The vast majority of developers should really just use explicit synchronisation with futures, queues, or even mutex and their friends rather than learning what is and isn’t atomic. I don’t think an atomic operation contracts have a place in Python.

Rosuav · June 26, 2023, 2:12pm

Yes and yes. From my understanding, a naive approach might result in inefficiencies (in the worst case, basically just serializing all your threads), but not major problems.

But maybe this would be a good use for thread-local storage. Python has this available, but IMO it’s not very well known about. threading — Thread-based parallelism — Python 3.12.1 documentation The ThreadPoolExecutor can take an initializer callable, too, so that might be all that’s needed:

counters = []
my_counter = threading.local()
def init():
    my_counter.counter = Counter()
    counters.append(my_counter.counter)

def calculate_threaded(n, m, count=100_000):
    with ThreadPoolExecutor() as executor:
        executor.map(lambda _: sum_ndm(n, m), range(count))
    pmf = sum(counters) # does this work? can't remember
    return pmf

That should give decent parallelism, with each one using its own separate counter.

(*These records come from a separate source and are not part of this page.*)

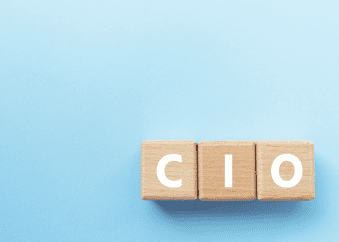 CIO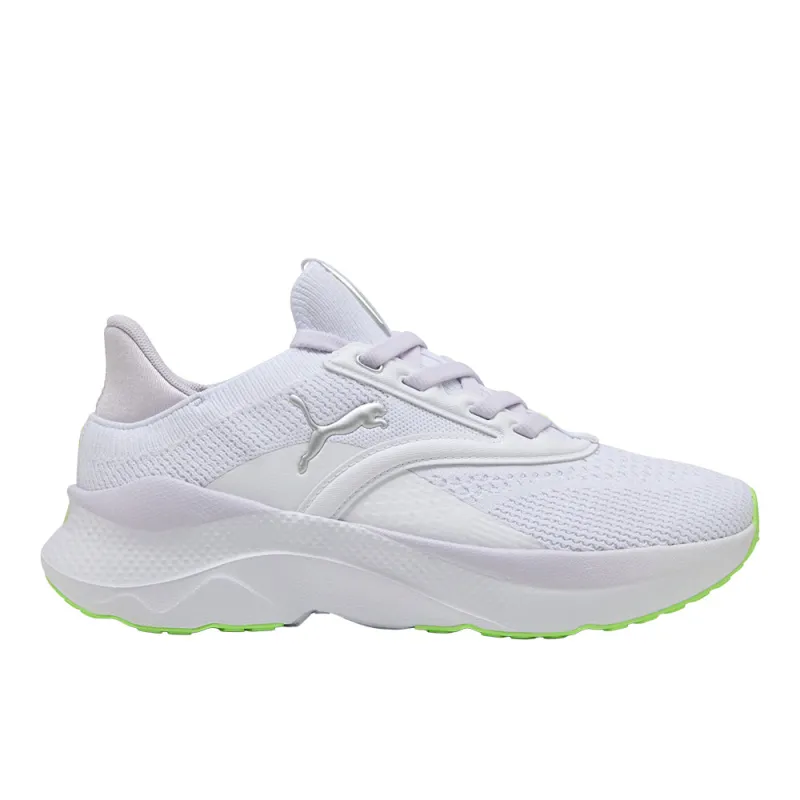 Softride Mayve Running Shoes made by Puma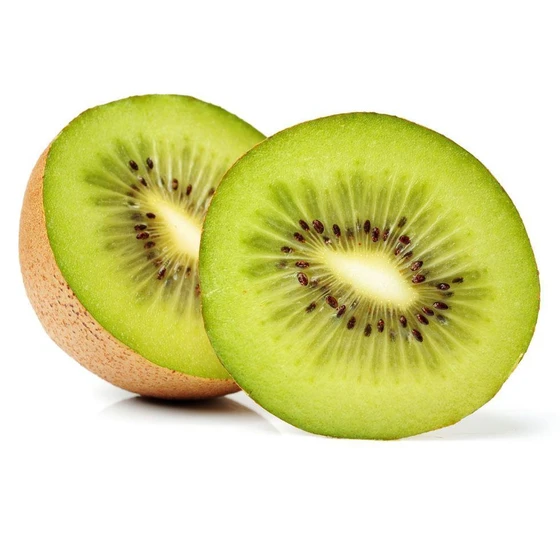nutritous-fresh-green-kiwi-fruit-2.webp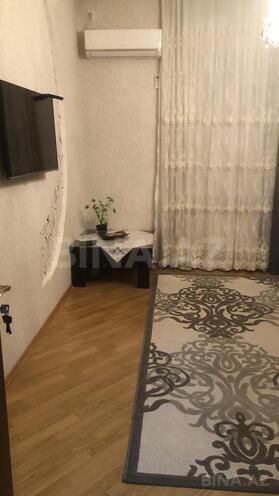 Satılır 3 otaqlı köhnə tikili 62 m², Azadlıq Prospekti m., photo 1 from 12
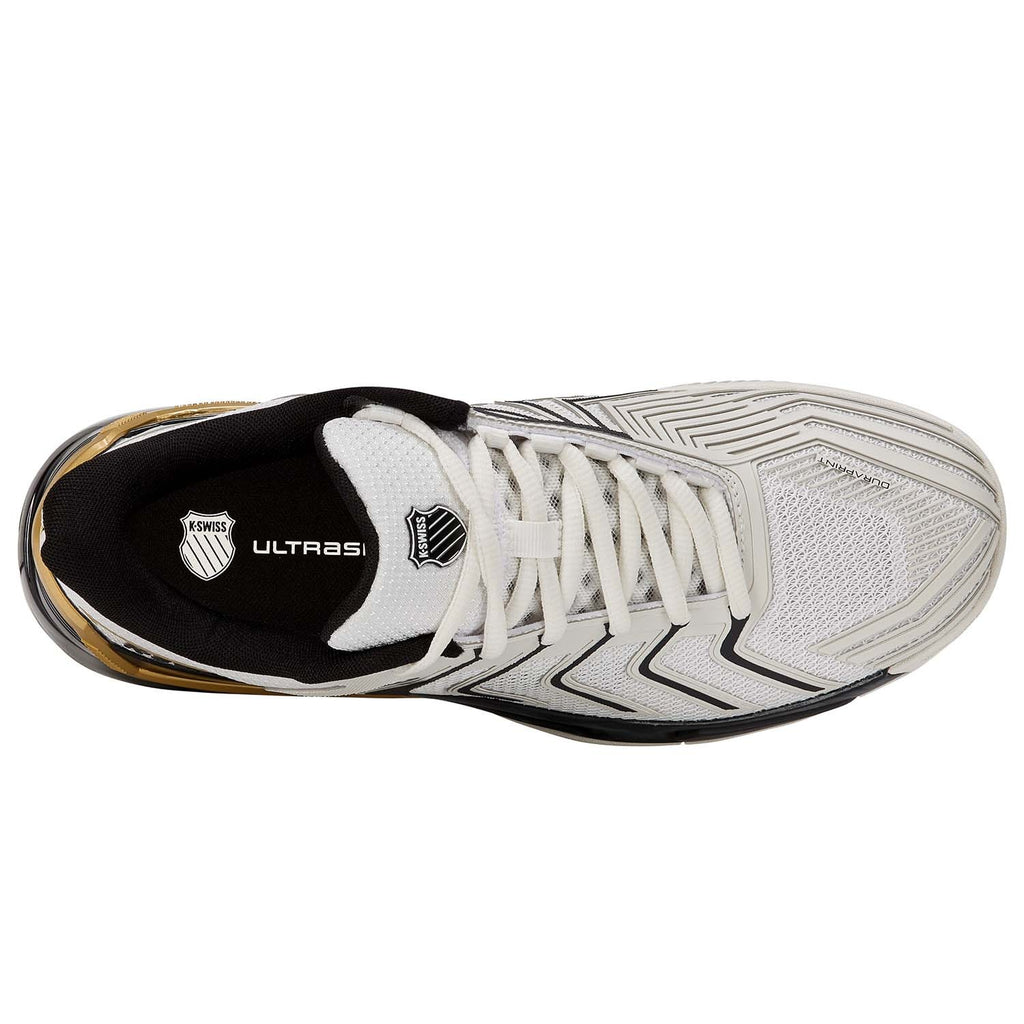 ultrashot 4 clay  tennisschoenen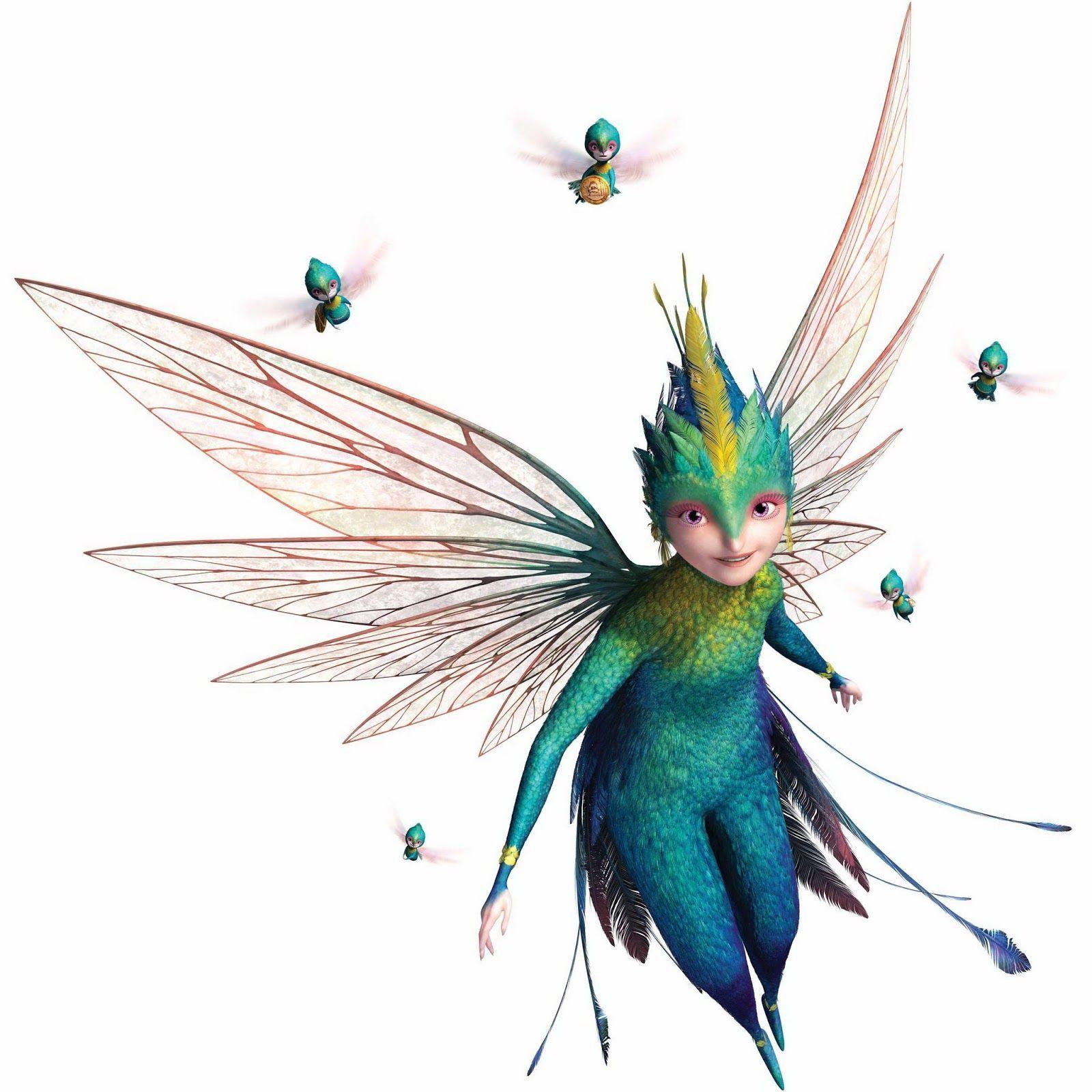 1600x1600 tooth fairy. Rise of the guardians .com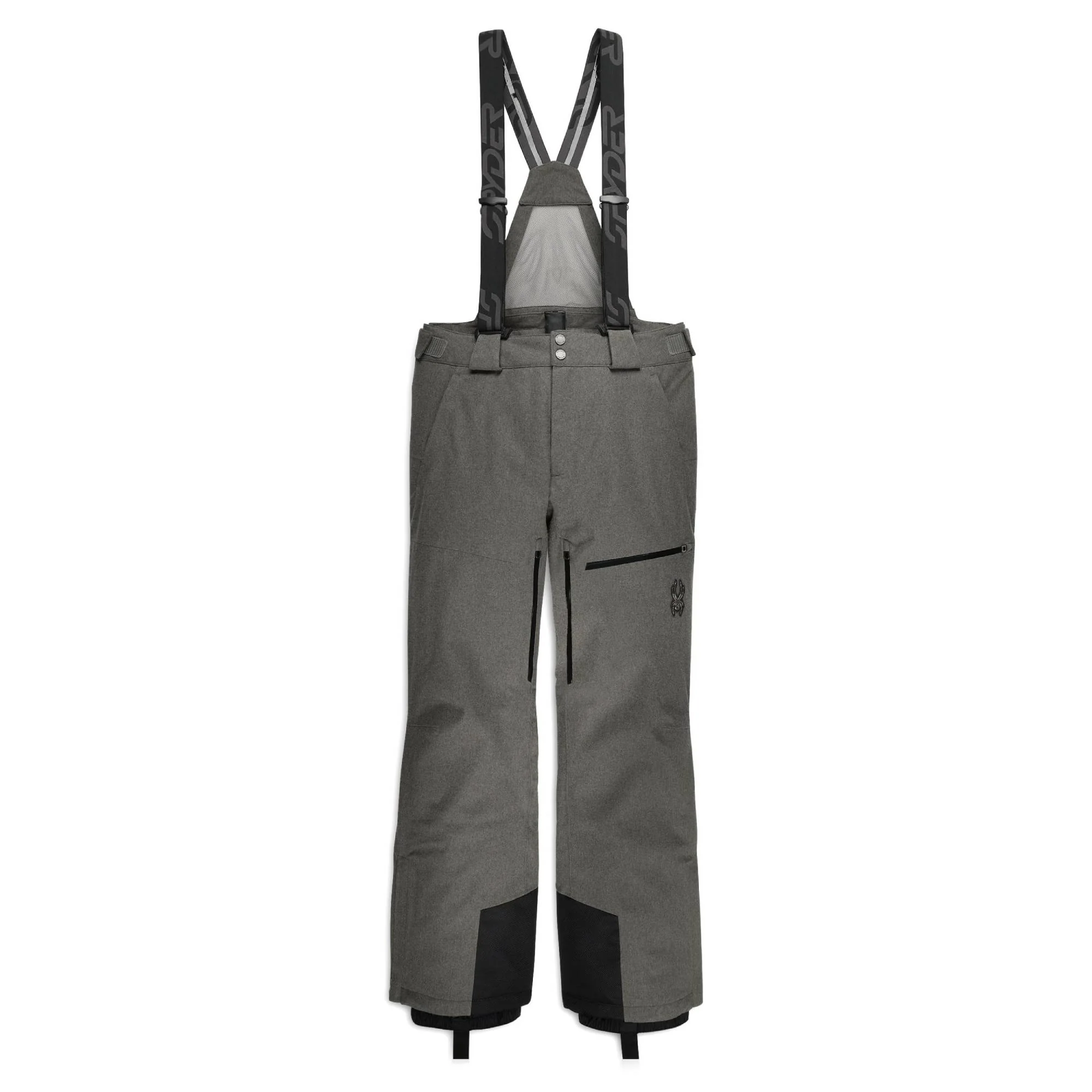 Spyder Dare Mens Pants (Regular) 2026 - Image 17
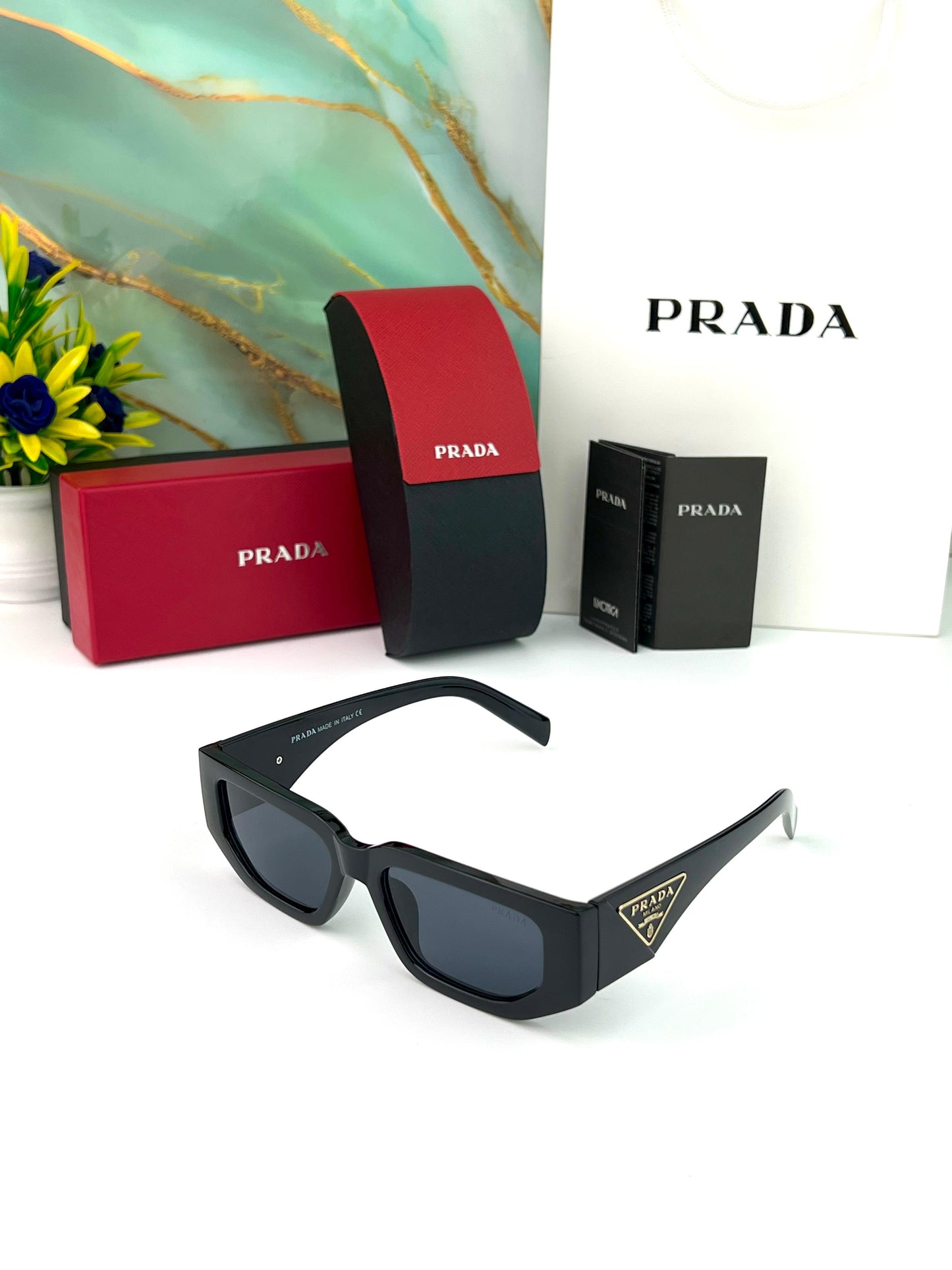 Prada
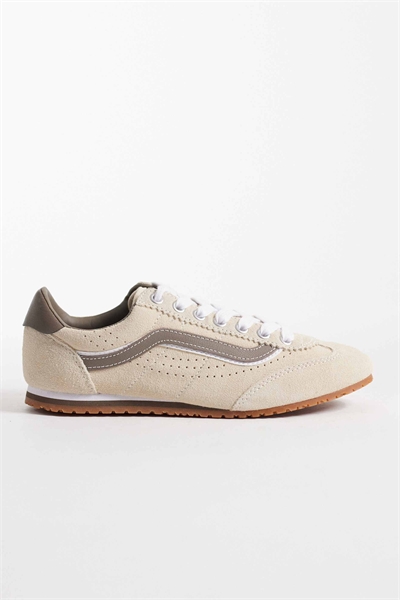 Кроссовки Super Lowpro артикул 153717125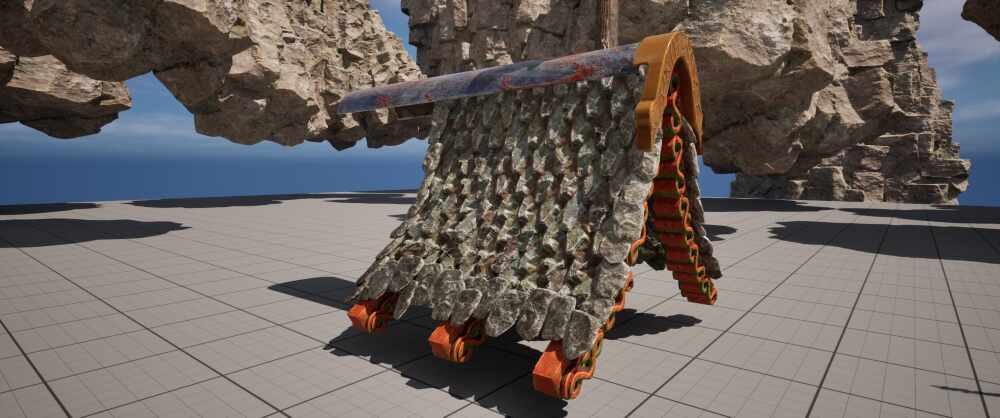 HighresScreenshot00009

That’s a very good point, but I don’t think it applies to the Mersenne Twister. However, proper use of thread-local should allow an easy conversion from random.randint to my_counter.randint with the initializer doing my_counter.randint = random.Random().randint, keeping the code almost as clean as it had been. (Though possibly, for performance reasons, it would be worth capturing that in a function-local - that wouldn’t affect correctness but I don’t know how fast thread-local storage is.)

barry-scott · June 26, 2023, 2:25pm

All the ceval loop does is count byte codes and then switch after N have been executed.
Unless it changed recently there is not code in cpython to do what you have assumed
to ensure atomicity at the python level.

I assume that all work in no-gil is to make each byte code atomic, not things at the
python source level.

pf_moore · June 26, 2023, 3:09pm

Neat, I hadn’t thought of keeping a global list of the workers’ counter objects. That solves the question I had of how to get the results back.

Although in trying to think about this (and specifically about why my_counter.counter[val] += 1 is safe to use) I gave myself a really bad headache trying to understand what removing the GIL actually did (Spoiler: the GIL doesn’t actually protect as much as you think it does, especially if you tend to think as individual bytecodes as indivisible chunks of work in the first place - which they aren’t of course…)

Rosuav · June 26, 2023, 3:13pm

It may be worth collecting some handy idioms and giving recommendations. I know there are some in the thread-local storage source code as linked from the docs, but if you don’t already know that thread-local is what you want, you wouldn’t think to look there.

jamestwebber · June 26, 2023, 3:19pm

This will work as long as you give it an initial empty Counter to start with (otherwise it starts with 0 and complains)

Rosuav · June 26, 2023, 3:35pm

Ah thanks. Anyhow, the idea is to minimize the work done in the single-threaded “gather” phase at the end, by having each thread individually count in a lock-free way.